__DATA EXCERPTS__
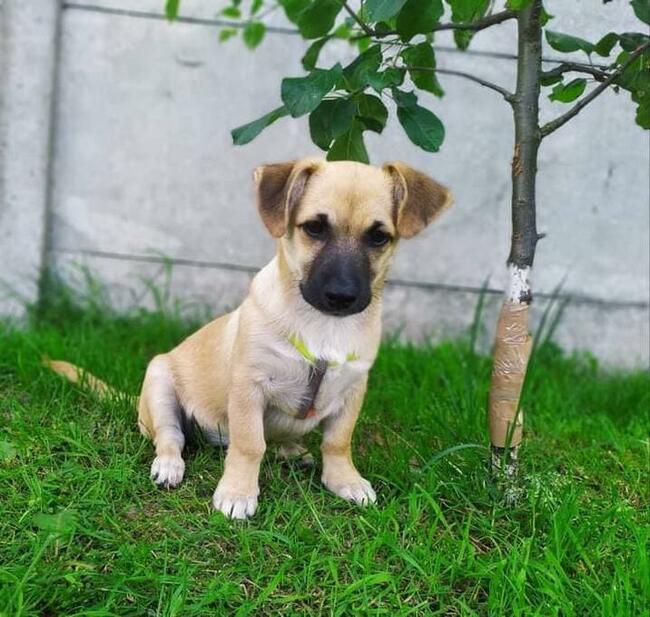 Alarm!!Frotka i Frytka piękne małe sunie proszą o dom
---
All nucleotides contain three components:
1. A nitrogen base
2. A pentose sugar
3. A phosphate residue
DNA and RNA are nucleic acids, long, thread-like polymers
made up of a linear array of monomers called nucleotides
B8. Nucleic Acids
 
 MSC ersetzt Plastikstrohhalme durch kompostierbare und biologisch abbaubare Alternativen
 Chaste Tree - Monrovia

__DIRECTIONS__
Output exactly one stretch of the listing: from the line containing "DNA and RNA" through the line containing "Chaste Tree - Monrovia", both end lines included.

__SOLUTION FOR THIS EXERCISE__
DNA and RNA are nucleic acids, long, thread-like polymers
made up of a linear array of monomers called nucleotides
B8. Nucleic Acids
 
 MSC ersetzt Plastikstrohhalme durch kompostierbare und biologisch abbaubare Alternativen
 Chaste Tree - Monrovia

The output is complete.